Chancellor Jones and Director Harleman acknowledged the significance of the exhibition, which includes many works of art from Kenya and Oman that are being exhibited in the United States for the first time. World on the Horizon will be on view at Krannert Art Museum through March 24, 2018, in the museum’s East Gallery.

“We hope this exhibition of Swahili art will begin an era of partnership between Kenya and the United States,” Ambassador Githae said. “As the exhibition travels to other museums, we invite all to get to know and understand this art and culture.” There are more than 30 works of art from the National Museums of Kenya in the exhibition.

The exhibition “reflects years of research and tremendous cooperation among institutions, including the National Museums of Kenya and dozens of other museums and private collectors who have lent their work to this endeavor,” said Allyson Purpura, senior curator and curator of Global African Art at KAM. She and Prita Meier, assistant professor of Art History at New York University, co-curated the exhibition.

World on the Horizon opens first at KAM, and will later travel to the Smithsonian National Museum of African Art in Washington, D.C., and to Fowler Museum at UCLA. It enriches understanding about this region of the world — the Swahili coast of Africa — by emphasizing its global connections, deepening discourse, and advancing knowledge in important ways, Purpura said.

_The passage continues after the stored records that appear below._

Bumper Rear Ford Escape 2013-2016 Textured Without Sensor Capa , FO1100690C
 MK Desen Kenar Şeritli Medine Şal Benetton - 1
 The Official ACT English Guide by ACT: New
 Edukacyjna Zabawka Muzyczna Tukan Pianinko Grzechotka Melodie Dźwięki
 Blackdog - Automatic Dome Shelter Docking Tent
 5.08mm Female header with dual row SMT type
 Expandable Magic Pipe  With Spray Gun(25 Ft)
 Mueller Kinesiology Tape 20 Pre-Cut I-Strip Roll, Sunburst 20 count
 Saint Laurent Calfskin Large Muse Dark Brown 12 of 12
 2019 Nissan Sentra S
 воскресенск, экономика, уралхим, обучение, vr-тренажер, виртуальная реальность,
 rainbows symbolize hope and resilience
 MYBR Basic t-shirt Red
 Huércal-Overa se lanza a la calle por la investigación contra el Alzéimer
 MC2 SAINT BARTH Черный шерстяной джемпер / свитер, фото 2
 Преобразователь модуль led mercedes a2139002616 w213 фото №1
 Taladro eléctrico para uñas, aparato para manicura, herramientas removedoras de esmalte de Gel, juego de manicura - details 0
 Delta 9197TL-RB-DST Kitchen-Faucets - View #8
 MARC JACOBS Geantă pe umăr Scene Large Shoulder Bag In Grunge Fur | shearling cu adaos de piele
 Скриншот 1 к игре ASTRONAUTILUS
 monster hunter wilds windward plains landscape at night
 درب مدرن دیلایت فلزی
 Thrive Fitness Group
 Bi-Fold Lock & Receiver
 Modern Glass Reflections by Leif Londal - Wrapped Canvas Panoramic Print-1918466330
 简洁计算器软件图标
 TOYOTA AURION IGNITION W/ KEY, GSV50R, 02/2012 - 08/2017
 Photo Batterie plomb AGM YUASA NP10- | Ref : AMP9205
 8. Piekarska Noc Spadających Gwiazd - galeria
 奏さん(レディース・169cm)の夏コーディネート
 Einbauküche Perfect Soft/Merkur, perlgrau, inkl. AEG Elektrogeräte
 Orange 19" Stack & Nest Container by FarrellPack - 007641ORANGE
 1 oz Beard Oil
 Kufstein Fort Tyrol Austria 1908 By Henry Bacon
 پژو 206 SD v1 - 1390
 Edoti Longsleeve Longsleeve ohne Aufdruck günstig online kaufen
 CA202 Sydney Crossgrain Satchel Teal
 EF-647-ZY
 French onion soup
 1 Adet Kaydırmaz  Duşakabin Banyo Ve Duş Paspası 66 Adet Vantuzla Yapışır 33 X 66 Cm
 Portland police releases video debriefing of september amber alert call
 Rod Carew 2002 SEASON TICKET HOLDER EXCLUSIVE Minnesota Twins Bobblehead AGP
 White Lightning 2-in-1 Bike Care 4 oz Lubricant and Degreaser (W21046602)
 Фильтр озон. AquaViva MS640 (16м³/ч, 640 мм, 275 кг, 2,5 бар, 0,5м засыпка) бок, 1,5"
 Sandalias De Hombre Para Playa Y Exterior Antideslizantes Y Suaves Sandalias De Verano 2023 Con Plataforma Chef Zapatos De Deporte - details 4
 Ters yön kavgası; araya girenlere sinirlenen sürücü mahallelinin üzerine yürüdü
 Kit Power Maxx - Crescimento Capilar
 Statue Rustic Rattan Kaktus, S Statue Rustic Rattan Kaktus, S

“It asks visitors to ponder how artistic practice and human creativity can lead people to remap their relationship to seemingly distant places and societies,” Purpura continued. “It will encourage visitors to make connections between artworks and to question their own expectations of what African, Asian, Islamic, or Western culture looks like.”

The curators also thanked Associate Director of the National Museums of Kenya Coast Province Athman Hussein and Archeologist Mohammad Mchulla for their presence and support of the exhibition.